WHAT THE EXERCISE ASKS ▸ Can you copy out the data exactly? Leave the images out.

Captioned web image data:
········

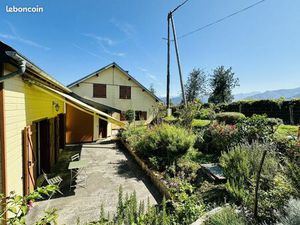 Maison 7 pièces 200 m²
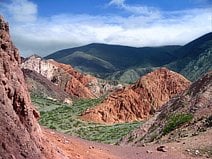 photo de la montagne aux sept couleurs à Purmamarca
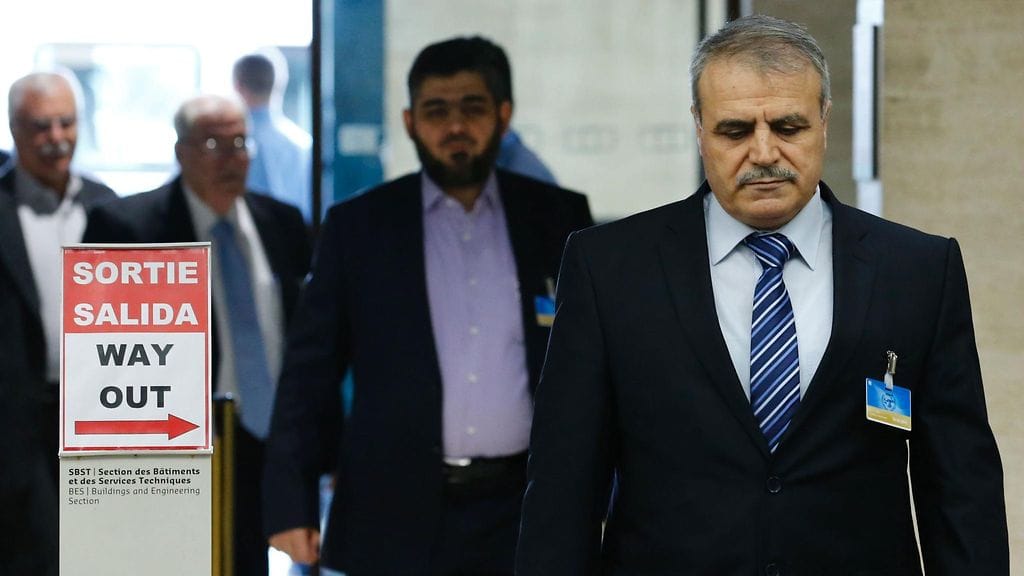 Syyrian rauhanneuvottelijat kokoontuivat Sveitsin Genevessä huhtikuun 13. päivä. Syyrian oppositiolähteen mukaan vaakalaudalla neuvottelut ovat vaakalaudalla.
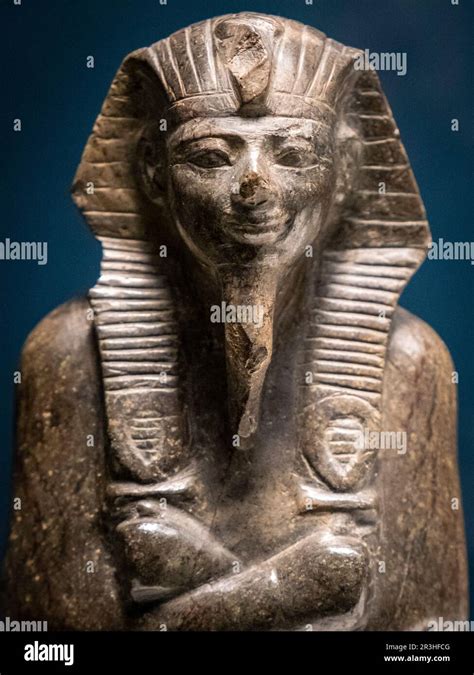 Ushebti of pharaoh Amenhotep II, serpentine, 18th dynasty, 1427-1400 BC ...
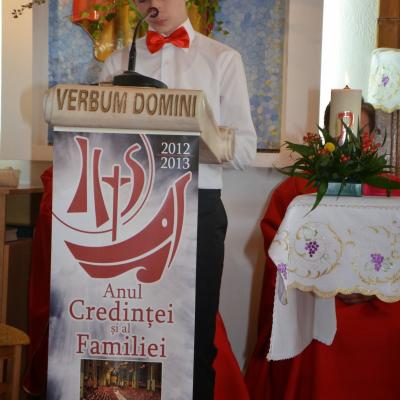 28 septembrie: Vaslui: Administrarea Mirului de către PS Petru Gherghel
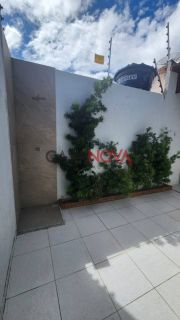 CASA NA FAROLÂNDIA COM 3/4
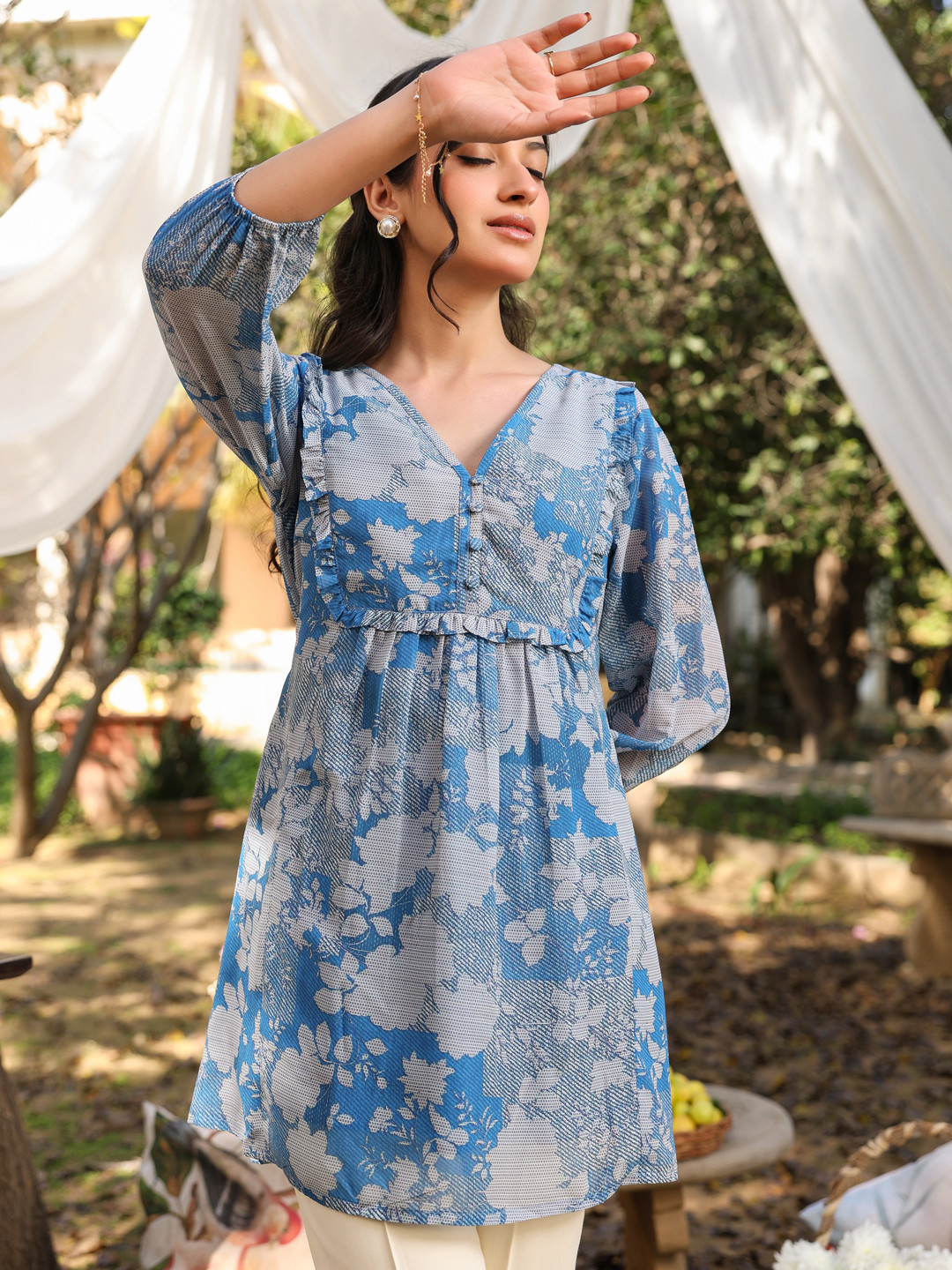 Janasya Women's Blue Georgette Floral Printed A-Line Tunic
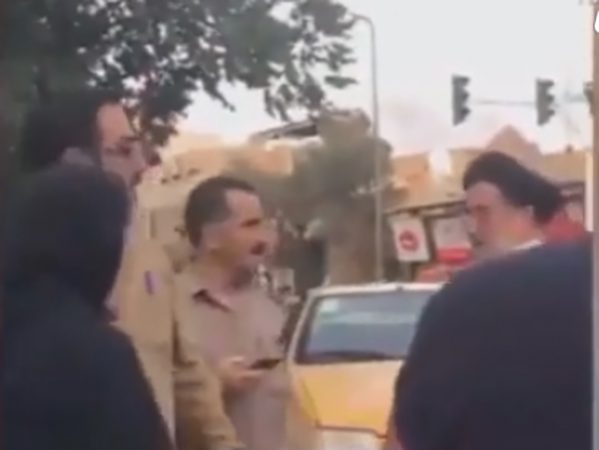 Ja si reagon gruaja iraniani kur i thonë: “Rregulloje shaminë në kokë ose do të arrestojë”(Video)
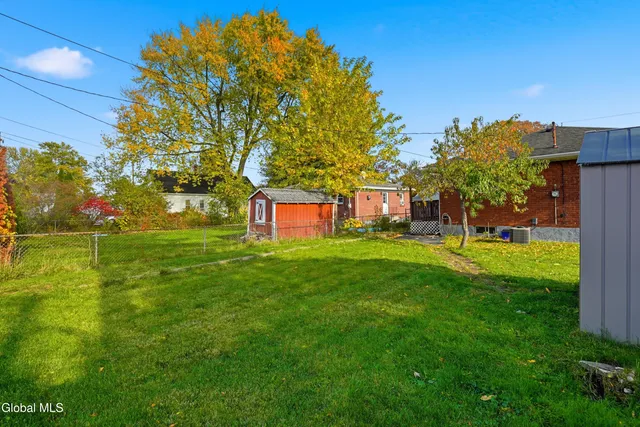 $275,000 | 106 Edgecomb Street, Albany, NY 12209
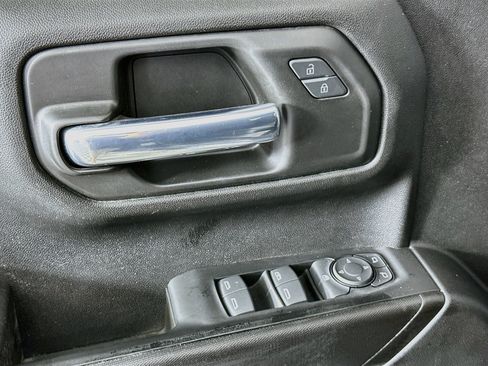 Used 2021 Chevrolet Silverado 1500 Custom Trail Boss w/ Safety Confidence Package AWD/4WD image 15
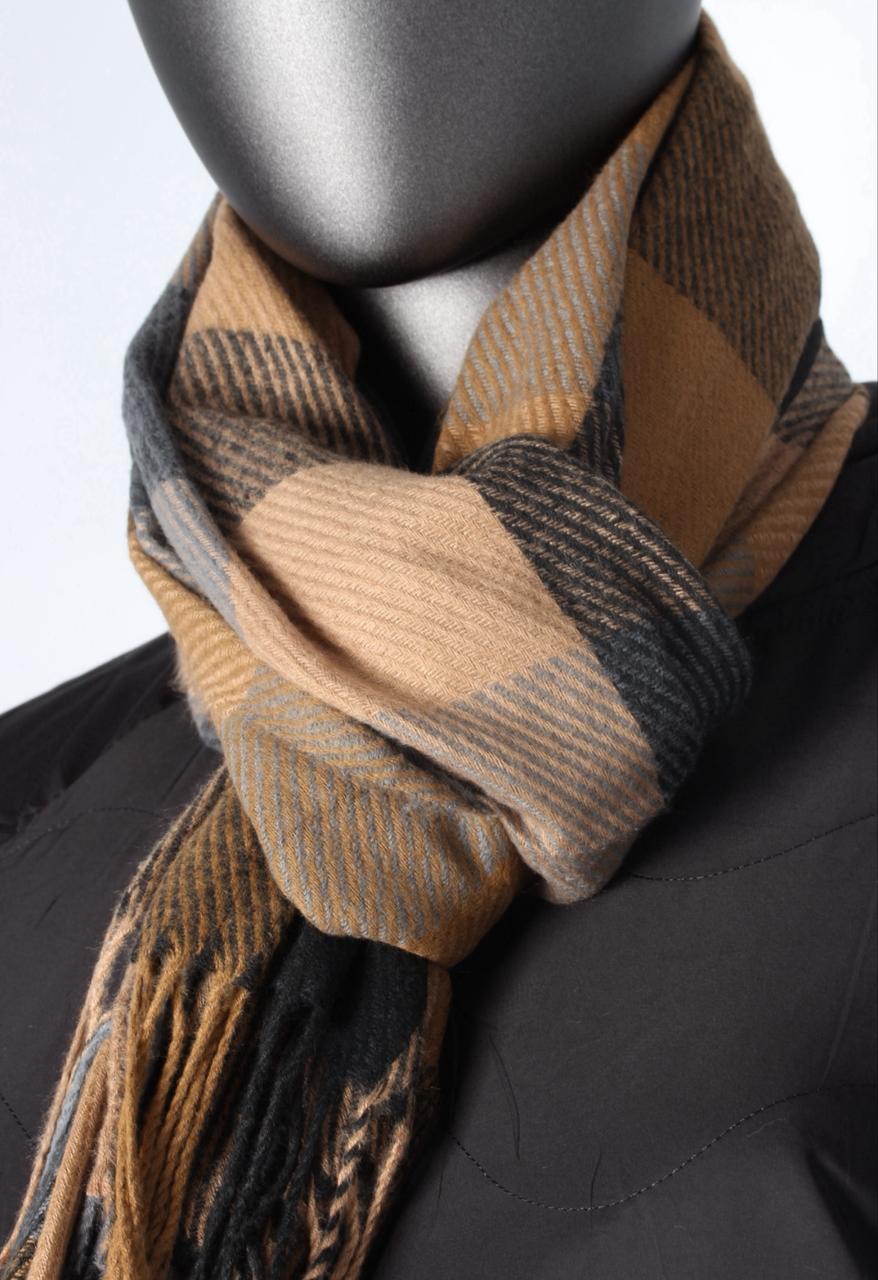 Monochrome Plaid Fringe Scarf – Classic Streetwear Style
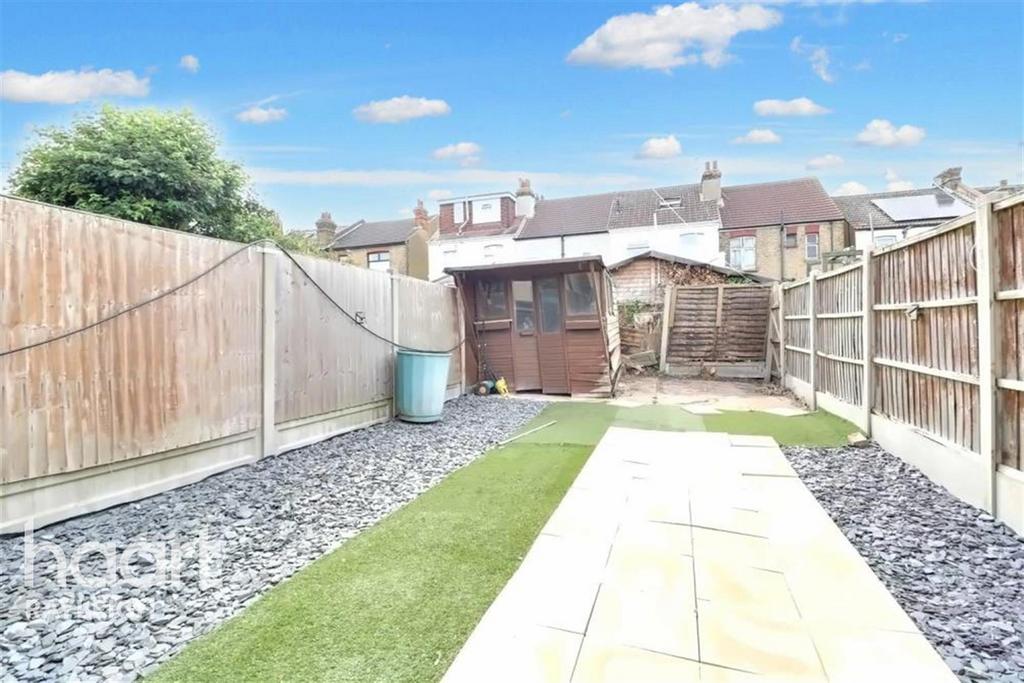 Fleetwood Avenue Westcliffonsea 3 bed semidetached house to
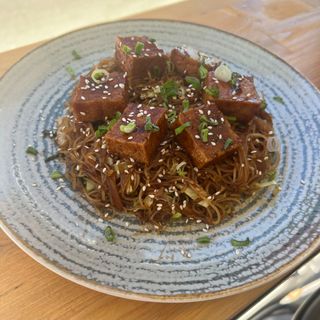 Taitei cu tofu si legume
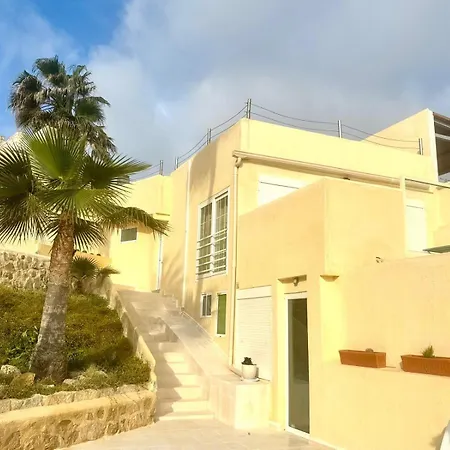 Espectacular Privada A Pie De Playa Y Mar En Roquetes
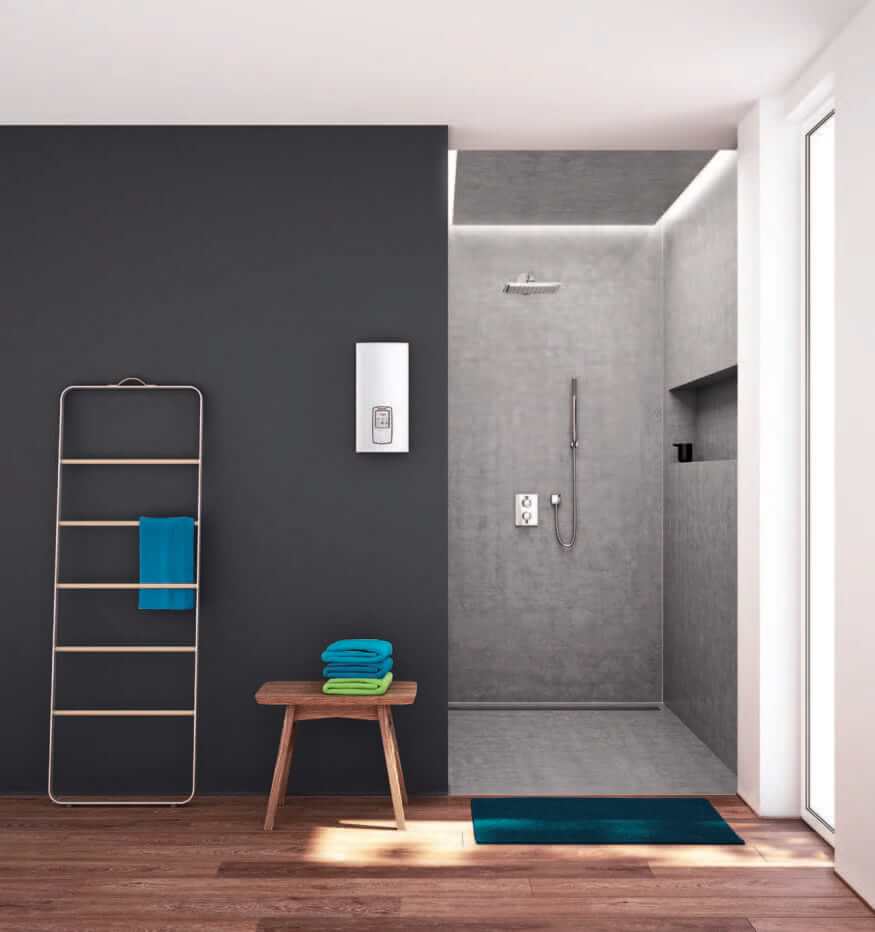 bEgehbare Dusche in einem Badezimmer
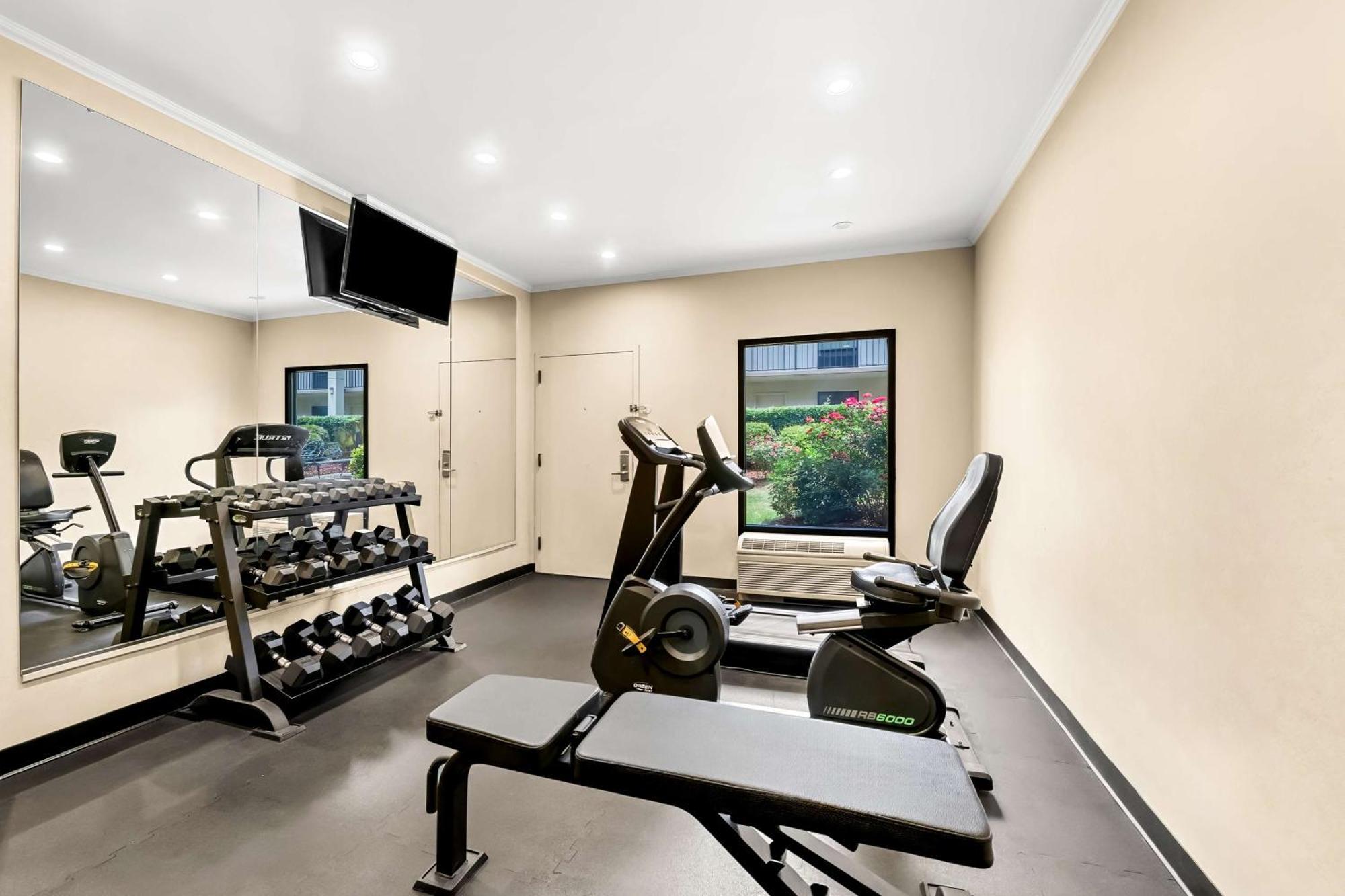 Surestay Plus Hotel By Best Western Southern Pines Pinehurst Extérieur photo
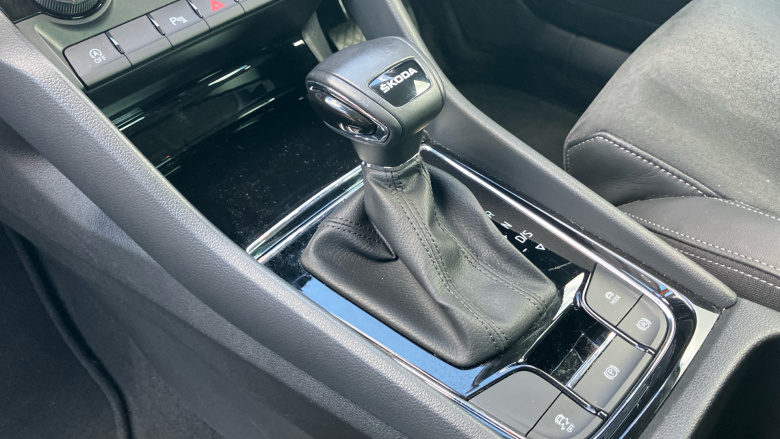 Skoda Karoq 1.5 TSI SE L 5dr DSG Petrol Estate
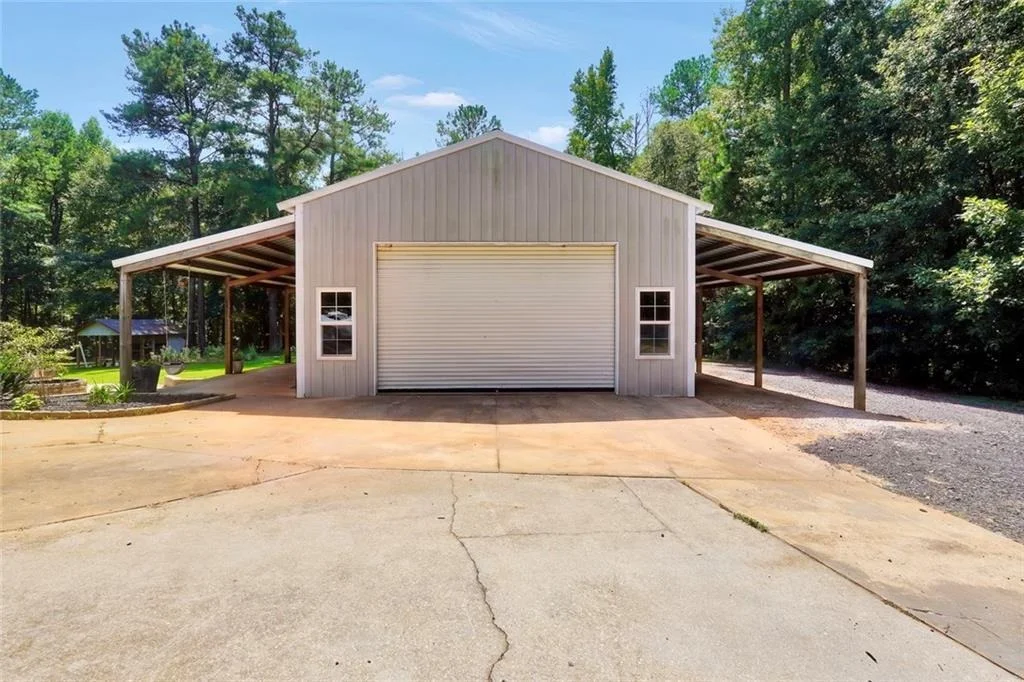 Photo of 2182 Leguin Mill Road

········

RESPONSE TO THIS EXERCISE ▸
 Maison 7 pièces 200 m²
 photo de la montagne aux sept couleurs à Purmamarca
 Syyrian rauhanneuvottelijat kokoontuivat Sveitsin Genevessä huhtikuun 13. päivä. Syyrian oppositiolähteen mukaan vaakalaudalla neuvottelut ovat vaakalaudalla.
 Ushebti of pharaoh Amenhotep II, serpentine, 18th dynasty, 1427-1400 BC ...
 28 septembrie: Vaslui: Administrarea Mirului de către PS Petru Gherghel
 CASA NA FAROLÂNDIA COM 3/4
 Janasya Women's Blue Georgette Floral Printed A-Line Tunic
 Ja si reagon gruaja iraniani kur i thonë: “Rregulloje shaminë në kokë ose do të arrestojë”(Video)
 $275,000 | 106 Edgecomb Street, Albany, NY 12209
 Used 2021 Chevrolet Silverado 1500 Custom Trail Boss w/ Safety Confidence Package AWD/4WD image 15
 Monochrome Plaid Fringe Scarf – Classic Streetwear Style
 Fleetwood Avenue Westcliffonsea 3 bed semidetached house to
 Taitei cu tofu si legume
 Espectacular Privada A Pie De Playa Y Mar En Roquetes
 bEgehbare Dusche in einem Badezimmer
 Surestay Plus Hotel By Best Western Southern Pines Pinehurst Extérieur photo
 Skoda Karoq 1.5 TSI SE L 5dr DSG Petrol Estate
 Photo of 2182 Leguin Mill Road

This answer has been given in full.